Directions for this task.
Exactly the lines from the beginning of the listing below through the line that contains "Estrutura de cama" should be transcribed, and pictures must stay out.

Information provided.
===============

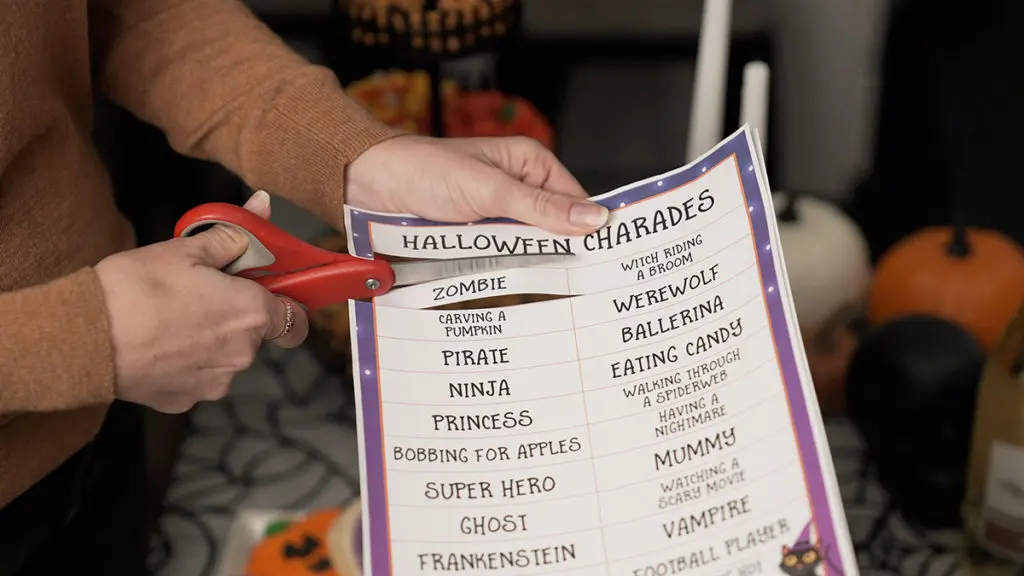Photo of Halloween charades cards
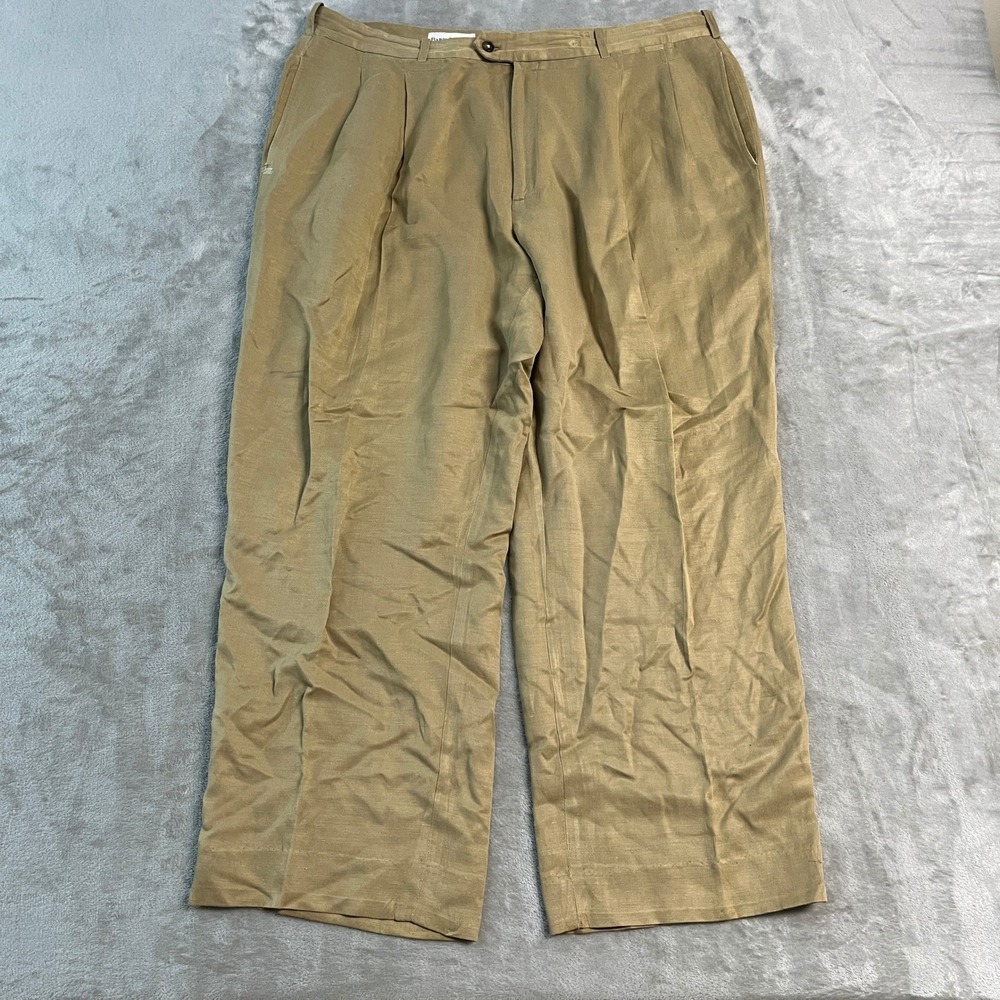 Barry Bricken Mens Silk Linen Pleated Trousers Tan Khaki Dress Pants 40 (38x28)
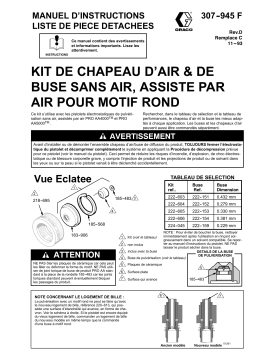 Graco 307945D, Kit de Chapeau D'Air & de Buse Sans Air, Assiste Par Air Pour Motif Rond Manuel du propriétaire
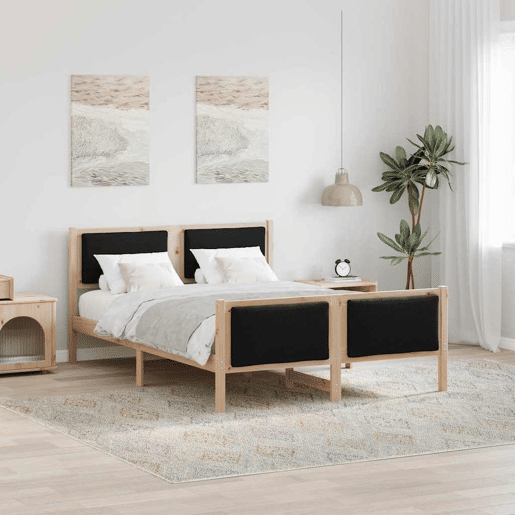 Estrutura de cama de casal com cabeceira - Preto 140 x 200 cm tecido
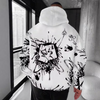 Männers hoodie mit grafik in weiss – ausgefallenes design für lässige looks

===============

Solution to the problem.
Photo of Halloween charades cards
 Barry Bricken Mens Silk Linen Pleated Trousers Tan Khaki Dress Pants 40 (38x28)
 Graco 307945D, Kit de Chapeau D'Air & de Buse Sans Air, Assiste Par Air Pour Motif Rond Manuel du propriétaire
 Estrutura de cama de casal com cabeceira - Preto 140 x 200 cm tecido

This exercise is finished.